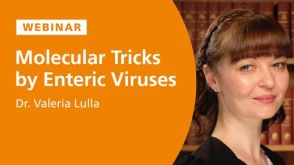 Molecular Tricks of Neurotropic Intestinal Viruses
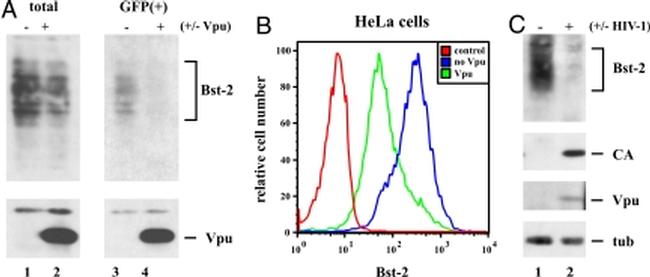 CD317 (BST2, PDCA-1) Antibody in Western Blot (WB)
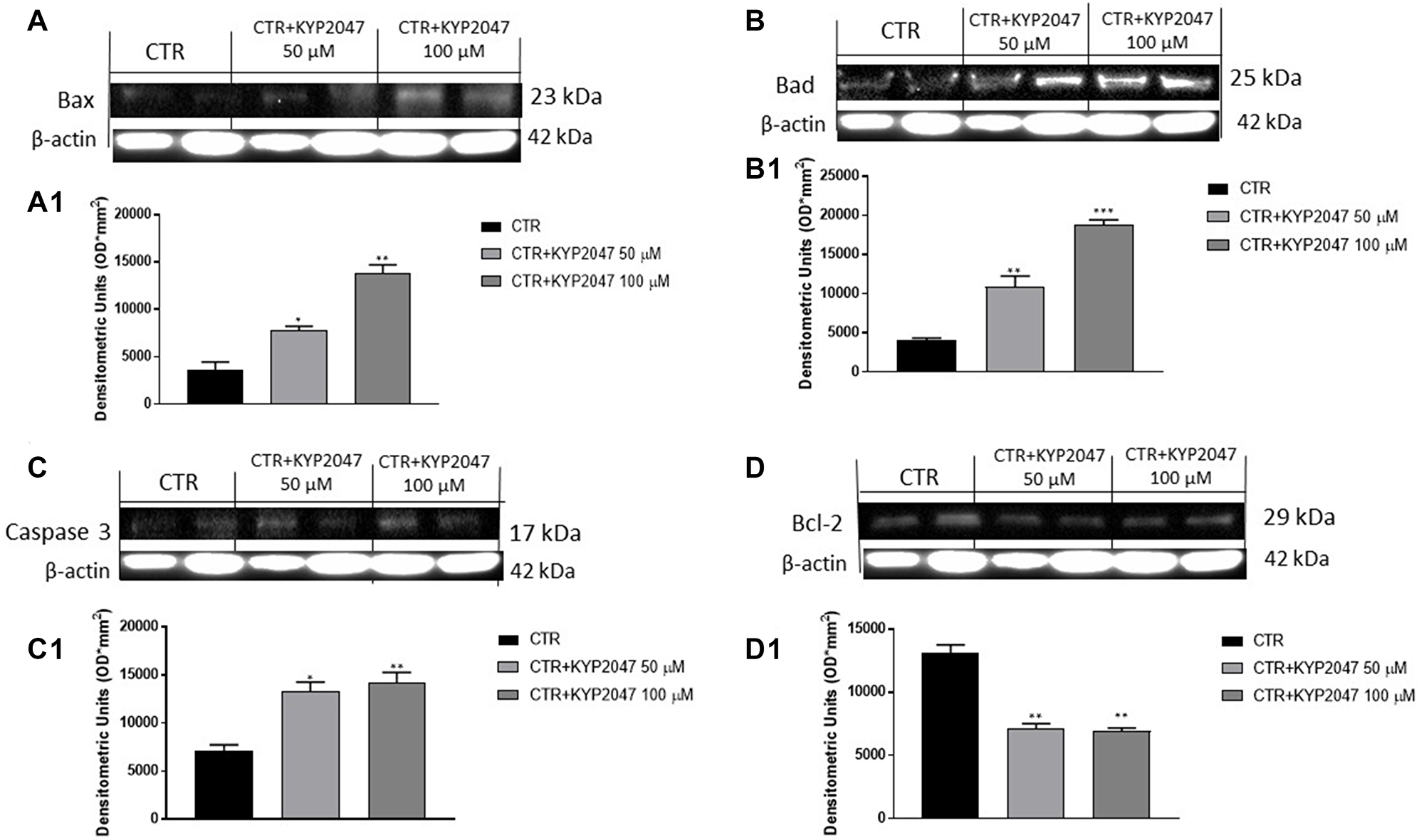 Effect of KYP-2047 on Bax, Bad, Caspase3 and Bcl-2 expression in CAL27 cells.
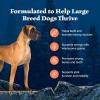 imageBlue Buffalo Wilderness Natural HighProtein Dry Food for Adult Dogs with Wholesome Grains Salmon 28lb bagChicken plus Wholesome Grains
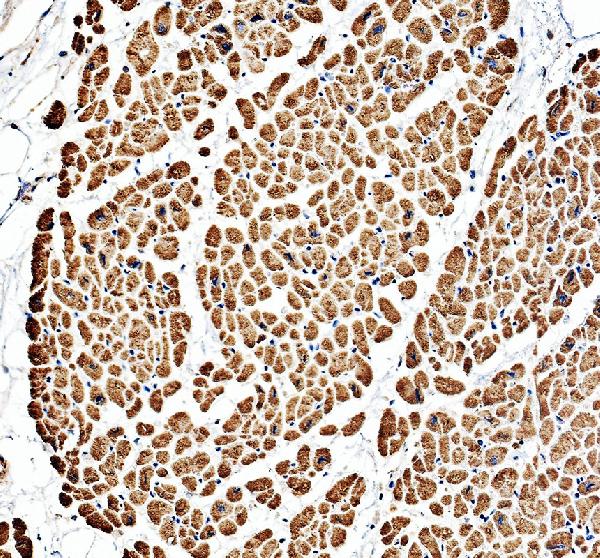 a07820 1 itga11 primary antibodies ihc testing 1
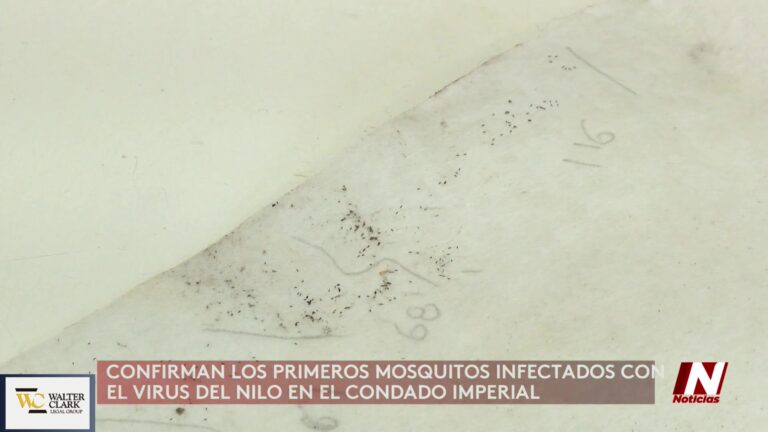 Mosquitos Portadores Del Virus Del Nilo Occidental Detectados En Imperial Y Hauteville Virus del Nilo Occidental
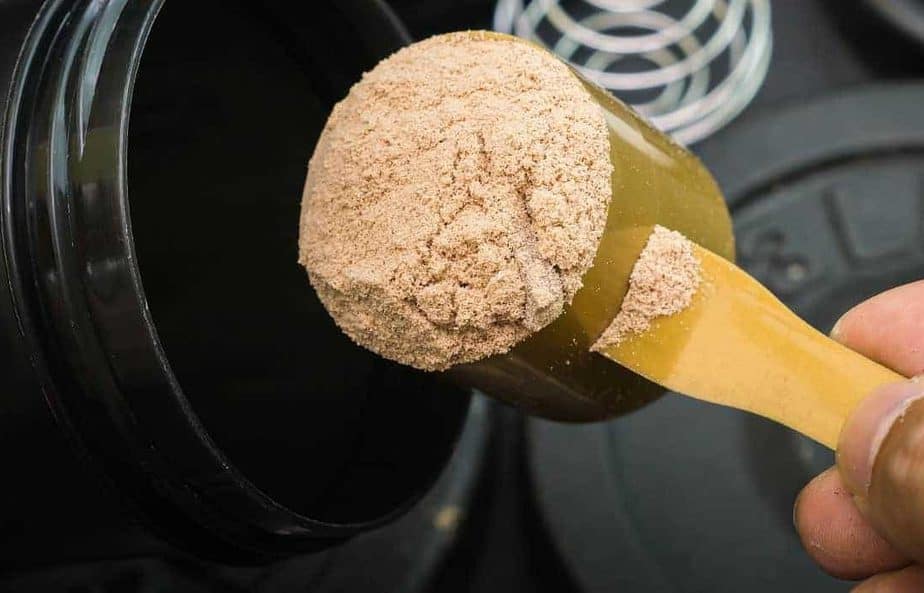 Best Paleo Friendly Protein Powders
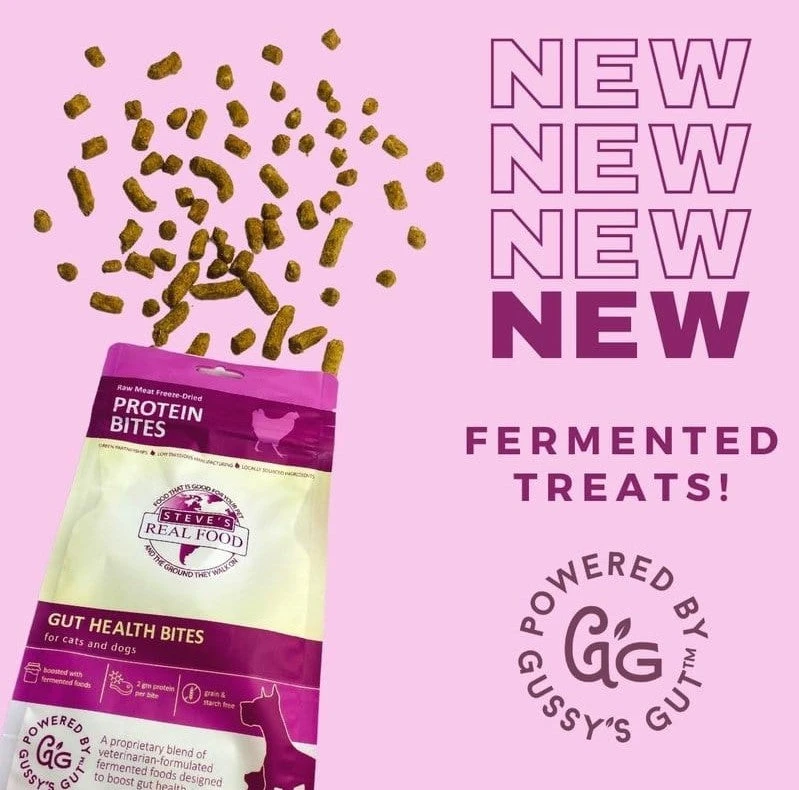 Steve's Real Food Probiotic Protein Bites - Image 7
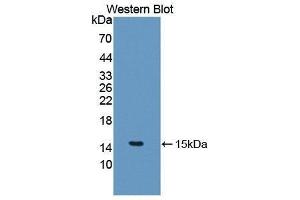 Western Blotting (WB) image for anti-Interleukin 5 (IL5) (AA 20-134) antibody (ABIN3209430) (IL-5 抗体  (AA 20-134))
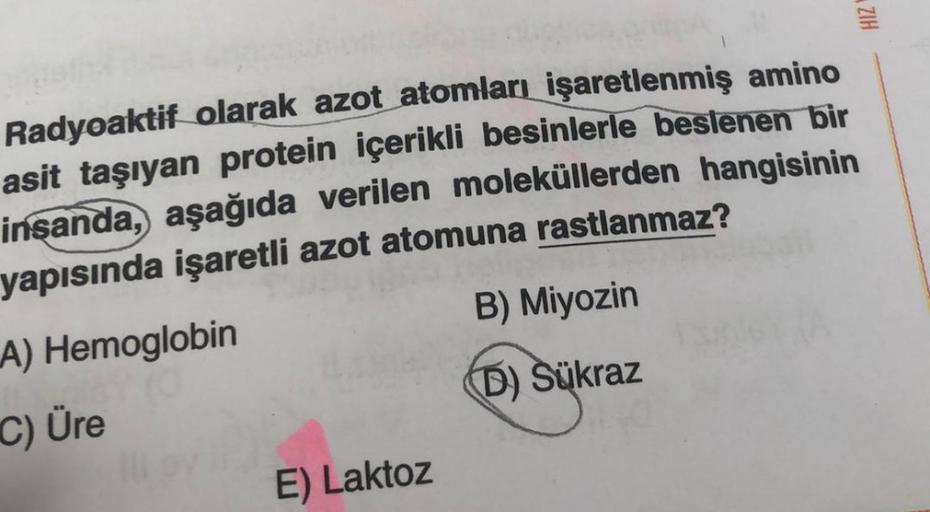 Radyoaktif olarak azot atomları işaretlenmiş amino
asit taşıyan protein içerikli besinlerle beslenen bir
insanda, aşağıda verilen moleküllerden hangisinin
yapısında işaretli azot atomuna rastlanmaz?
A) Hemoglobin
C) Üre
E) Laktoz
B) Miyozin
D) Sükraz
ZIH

☆ ☆ ☆ ☆

**WHAT THE TASK ASKS:** Make an exact copy of each line, beginning at the one containing "A) Hemoglobin" and ending with the last line of the data, and of no other line.

**RESULT OF THE TASK:**
A) Hemoglobin
C) Üre
E) Laktoz
B) Miyozin
D) Sükraz
ZIH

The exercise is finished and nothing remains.